I _Really_ Don't Know

A low-frequency blog by Rob Styles

Linked Data, Big Data and Your Data

Week five of my new challenge and I figured I really should get around to scribbling down some thoughts. I talked in my last post about RDF and graphs being useful inside the enterprise; and here I am, inside an enterprise.

Callcredit is a data business. A mixture of credit reference agency (CRA) and consumer data specialists. As the youngest of the UK’s CRAs, 12 years old, it has built an enviable position and is one of few businesses growing strongly even in the current climate. I’ve worked with CRAs from the outside, during my time at Internet bank Egg.
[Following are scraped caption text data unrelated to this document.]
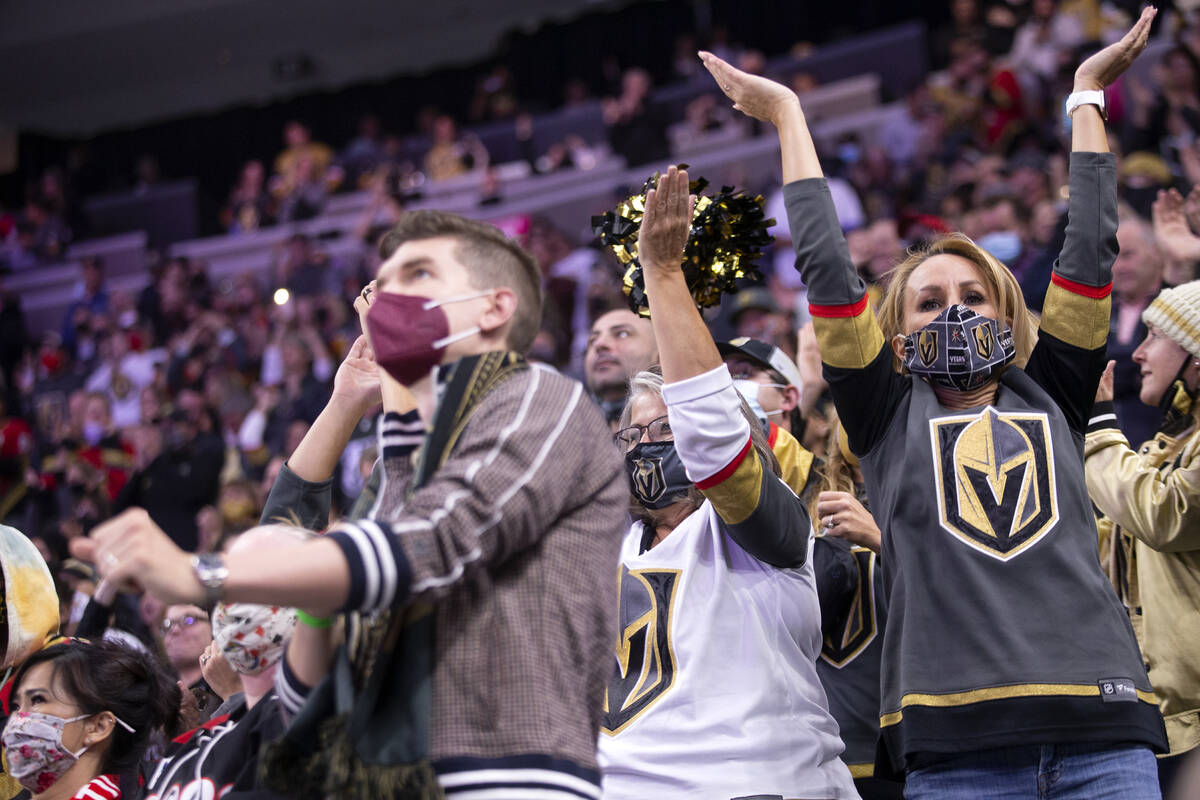 Chicago Blackhawks fan wearing headdress shocks hockey fans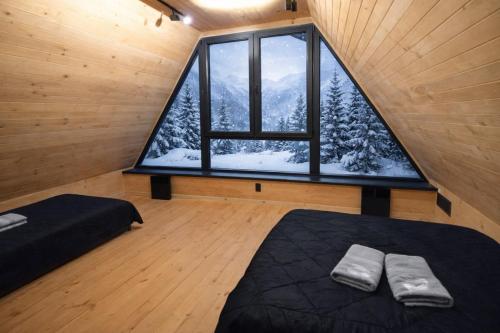 a room with a large window in a cabin at Top Hill Vista in Sekulić 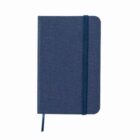 Closed blue notebook with an elastic band and a ribbon bookmark, on a white background.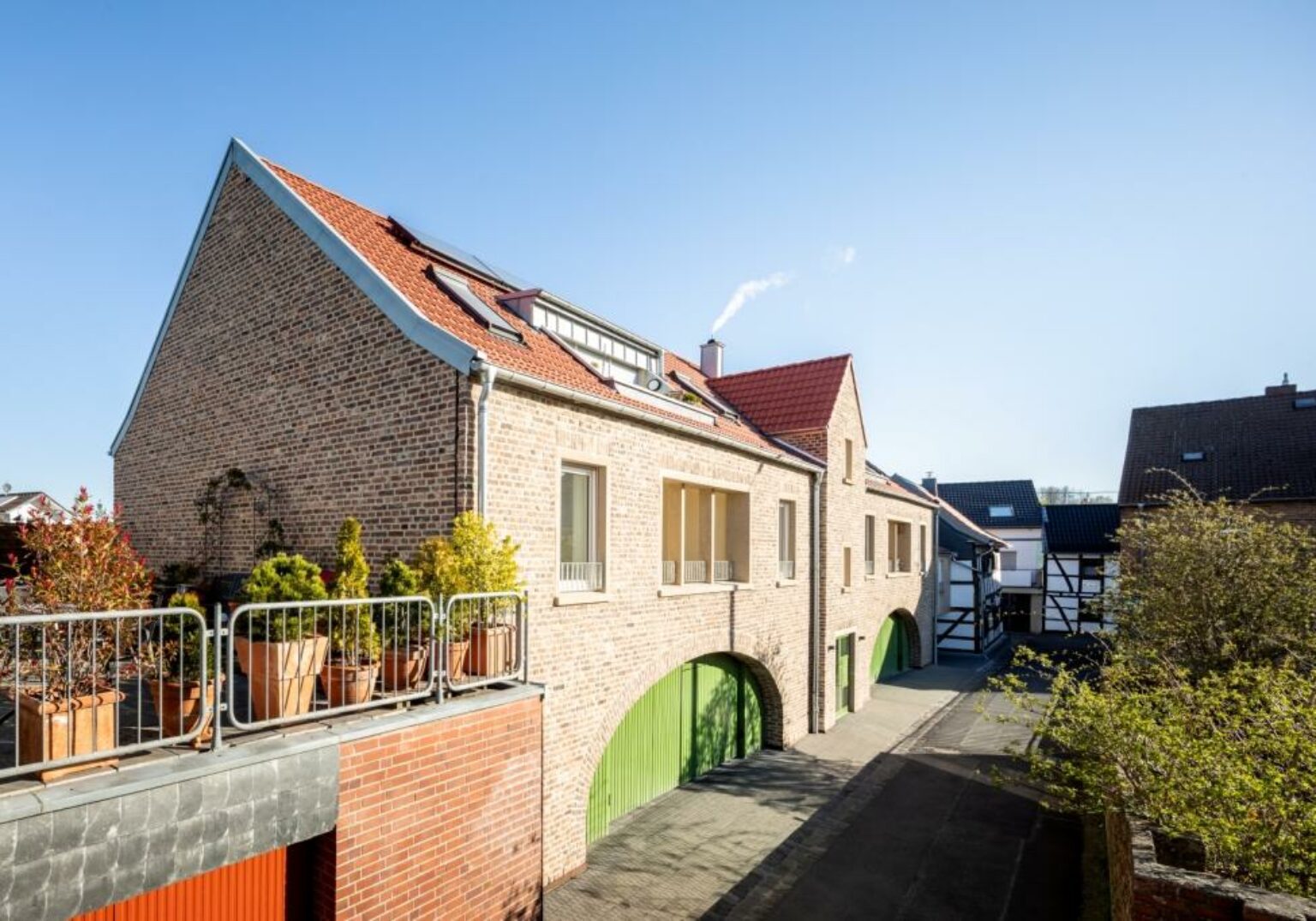 Modernes Backsteinhaus mit roten Dächern und grünen Toren in sonniger Wohngegend. Harmonische Architektur und Natur.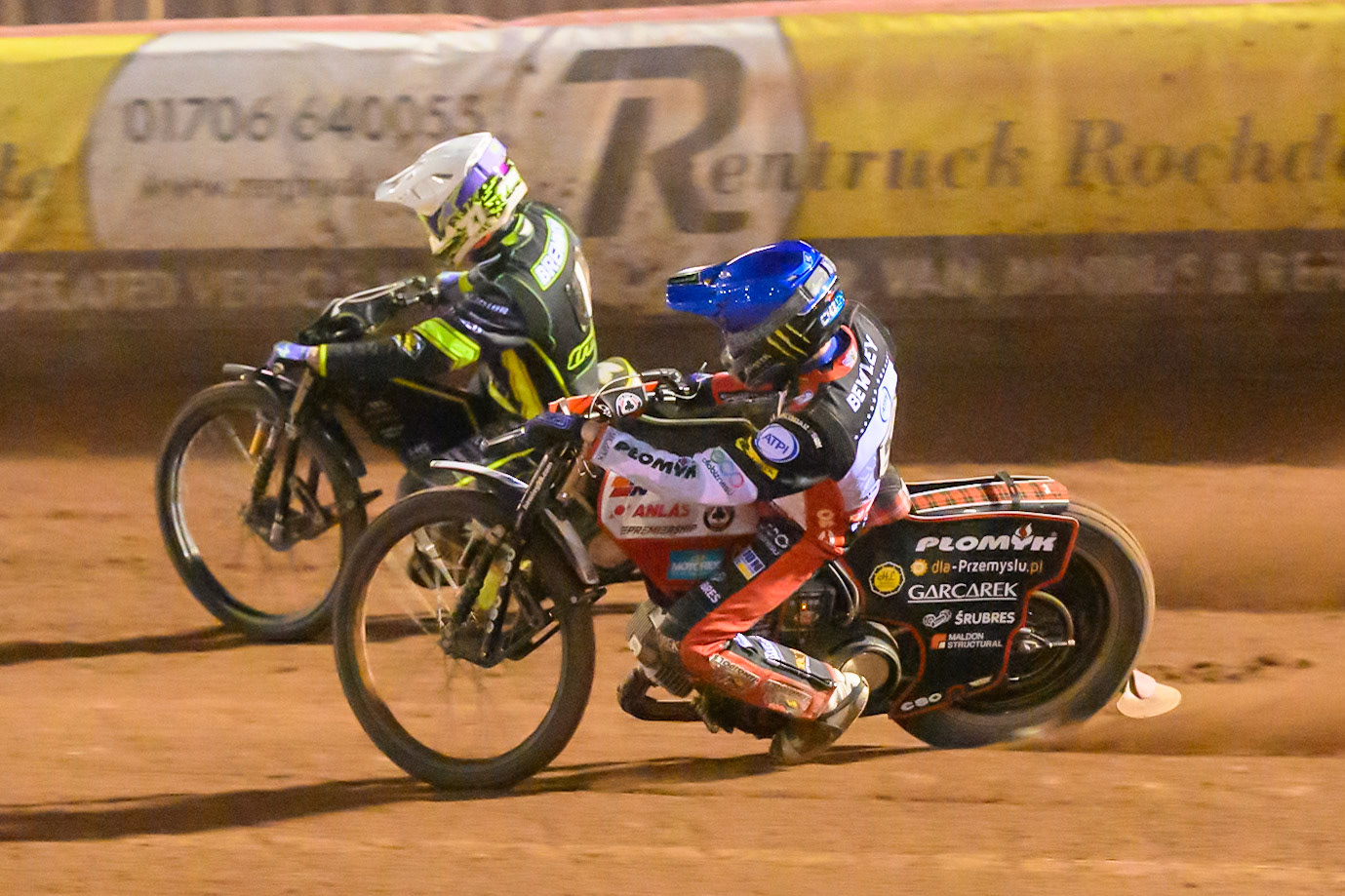 Dan Bewley of Belle Vue Aces  in Blue rides inside Tom Brennan of Ipswich Witches  in White during the Rowe Motor Oil Premiership match between Belle Vue Aces and Ipswich Witches at the National Speedway Stadium, Manchester on Monday 20th April 2026. (Photo: Ian Charles | MI News)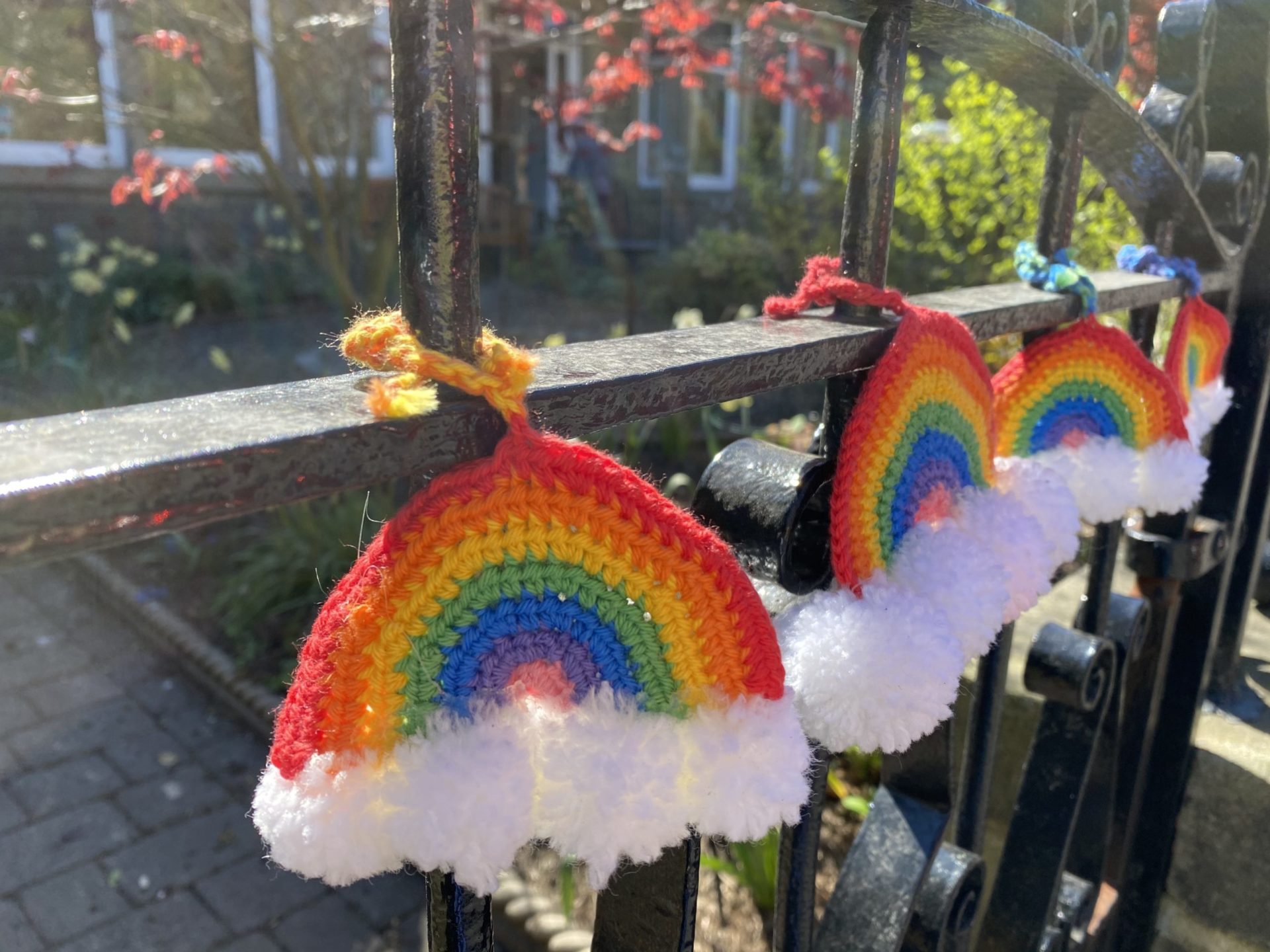 Row of bright coloured knitted rainbows hanging on a steel gate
From inside there’s a lot to learn and some interesting opportunities.

Being a CRA, we hold a lot of data about the UK population – you. Some of this comes from the electoral roll, much of it from the banks. Banks share their data with the three CRAs in order to help prevent fraud and lower the risk of lending. We know quite a lot about you.

Actually, if you want to see what we know, check out your free credit report from Noddle – part of the group.

Given the kind of data we hold, you’d hope that we’re pretty strict about security and access. I was pleased to see that everyone is. Even the data that is classed as public record is well looked after; there’s a very healthy respect for privacy and security here.

The flip side to that is wanting those who should have access to be able to do their job the best way possible; and that’s where big data tools come in.

As in my previous post, variety in the data is a key component here. Data comes from lots of different places and folks here are already expert at correcting, matching and making consistent. Volume also plays a part. Current RDBMS systems here have in excess of 100 tables tracking not only data about you but also provenance data so we know where information came from and audit data so we know who’s been using it.

Over the past few weeks I’ve been working with the team here to design and start building a new product using a mix of Hadoop and Big Data® for the data tiers and ASP.net for the web UI, using Rob Vesse’s dotNetRDF. The product is commercially sensitive so I can’t tell you much about that yet, but I’ll be blogging some stuff about the technology and approaches we’re using as I can.